◆ Work instructions
Without any pictures, print the lines below from the one that has "Braunglasflasche 250ml, mit" through the one that has "18 mm Schrägband Rosa Punkte Weiss", exactly and nothing else.

◆ Provided data
======

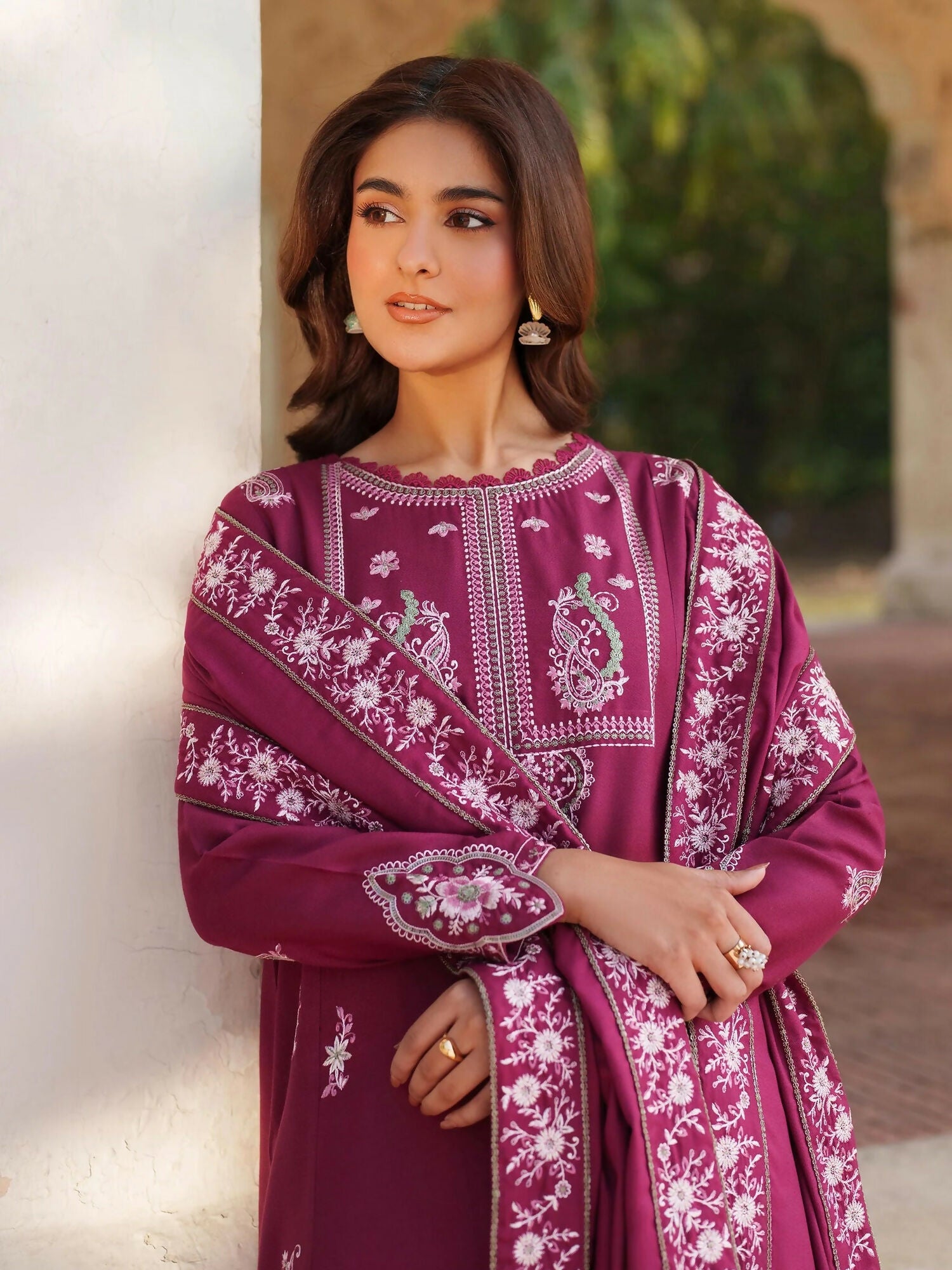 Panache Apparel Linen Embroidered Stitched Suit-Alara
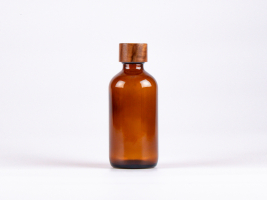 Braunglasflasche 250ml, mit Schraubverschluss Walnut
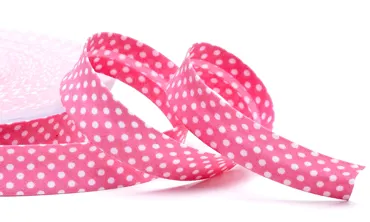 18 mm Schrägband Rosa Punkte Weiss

======

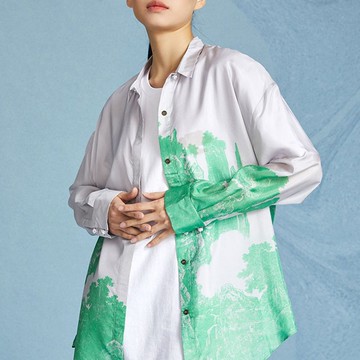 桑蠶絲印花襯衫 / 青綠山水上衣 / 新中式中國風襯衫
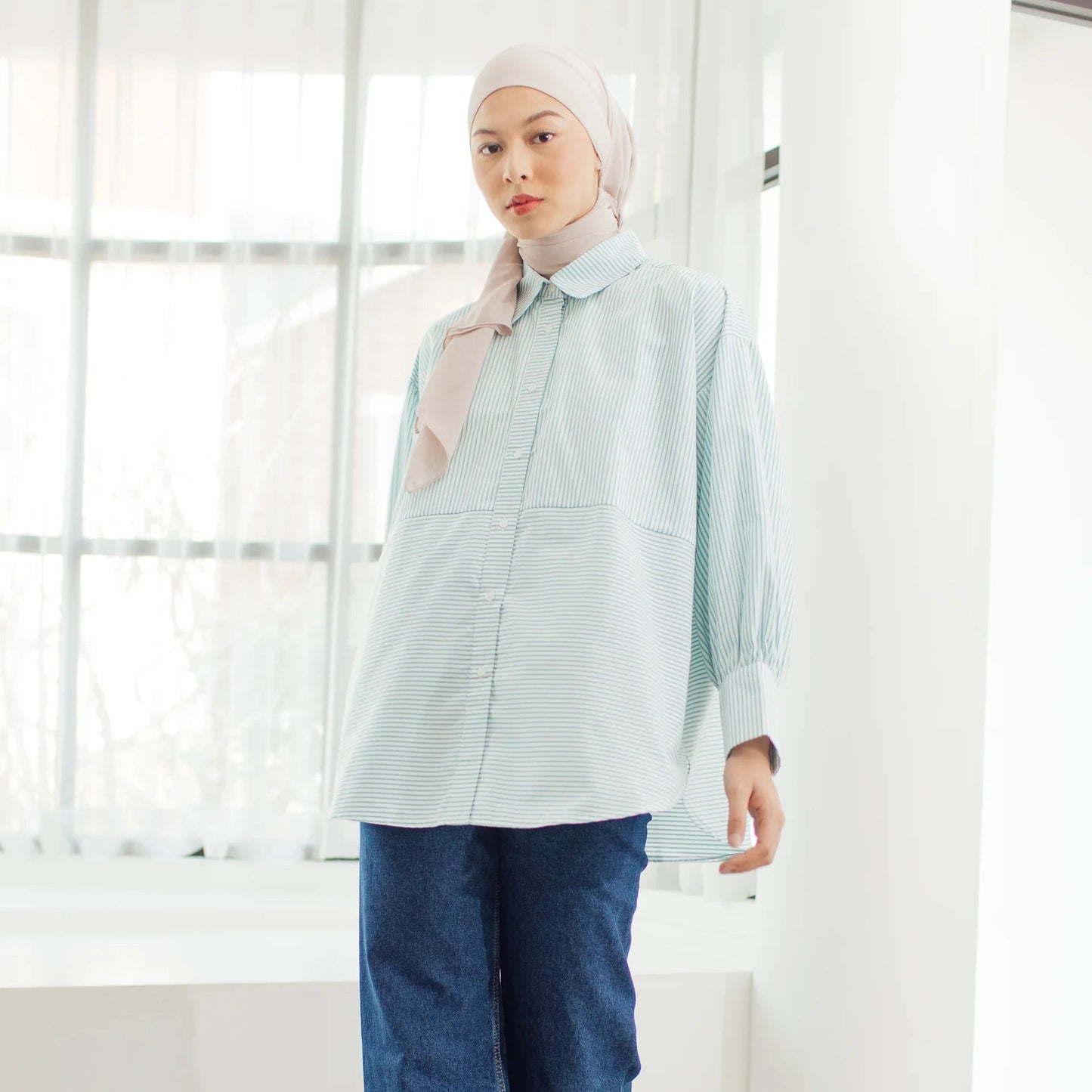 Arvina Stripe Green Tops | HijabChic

======

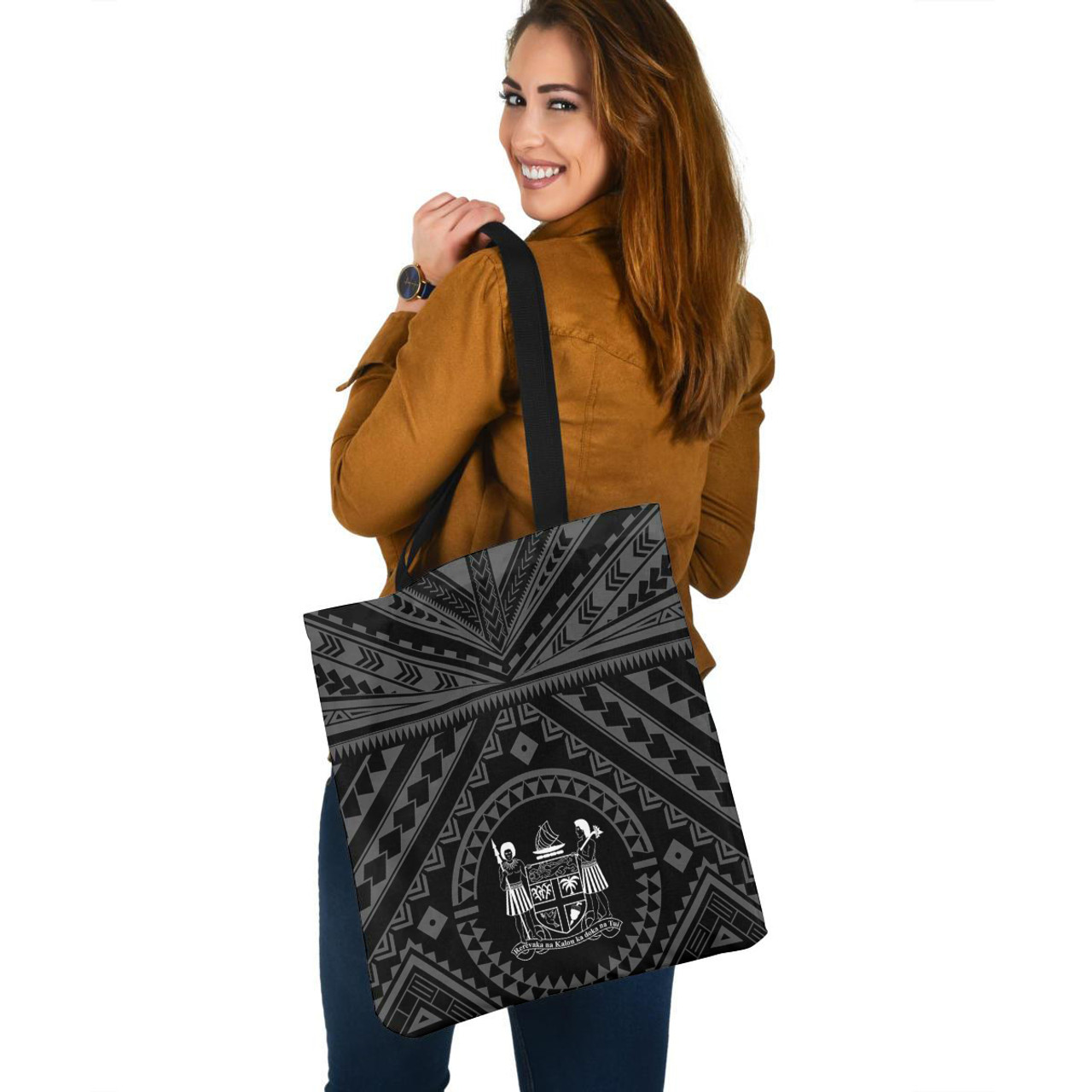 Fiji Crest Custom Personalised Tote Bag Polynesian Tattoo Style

======

◆ Solution to the problem
 Braunglasflasche 250ml, mit Schraubverschluss Walnut
 18 mm Schrägband Rosa Punkte Weiss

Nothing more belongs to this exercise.